Try it:
Exactly reproduce the lines from the one holding "Blue Buffalo Bits" through the end of the records, including both boundary lines but no pictures.

Given data:

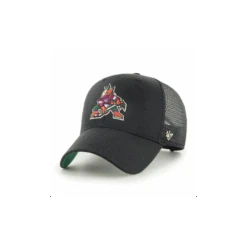 Casquette NHL 47 Vintage Minnesota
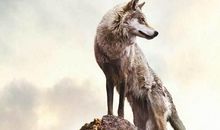 有关狼押韵的霸气口号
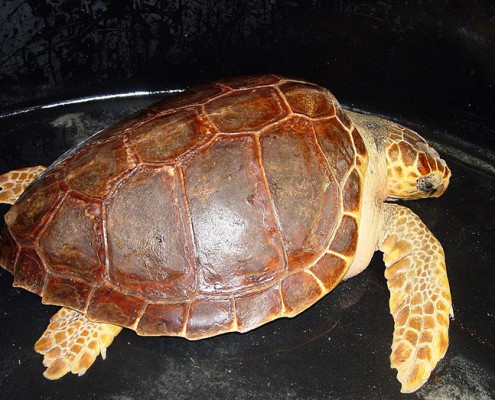 Tortue caouanne Caretta caretta ©Godfrey
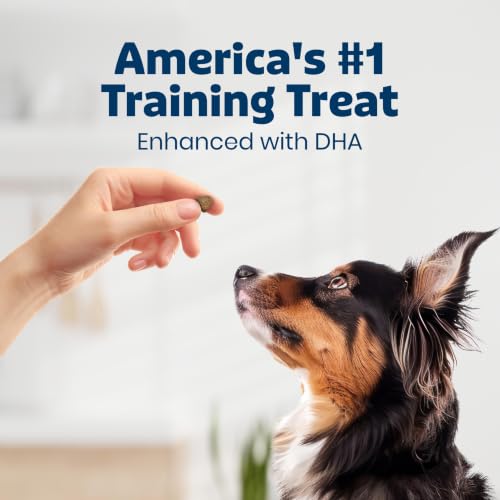 Blue Buffalo Bits Beef Training Treats, 19 oz | Real Beef First, DHA for Cognitive Development, No Chicken By-Product Meals, Free from Red Dye 40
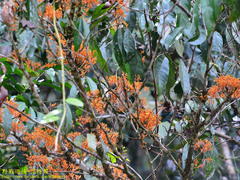 Saraca declinata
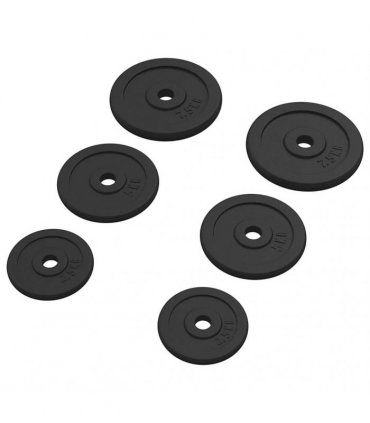 vidaXL Weight Plates 6 pcs 30 kg Cast Iron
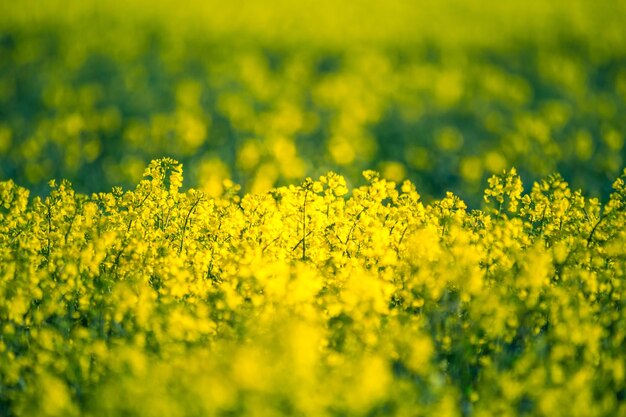 写真 北ヨーロッパの春の美しい黄色いカノラ畑で花をかせているラップシード畑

Finished exercise:
 Blue Buffalo Bits Beef Training Treats, 19 oz | Real Beef First, DHA for Cognitive Development, No Chicken By-Product Meals, Free from Red Dye 40
 Saraca declinata
 vidaXL Weight Plates 6 pcs 30 kg Cast Iron
 写真 北ヨーロッパの春の美しい黄色いカノラ畑で花をかせているラップシード畑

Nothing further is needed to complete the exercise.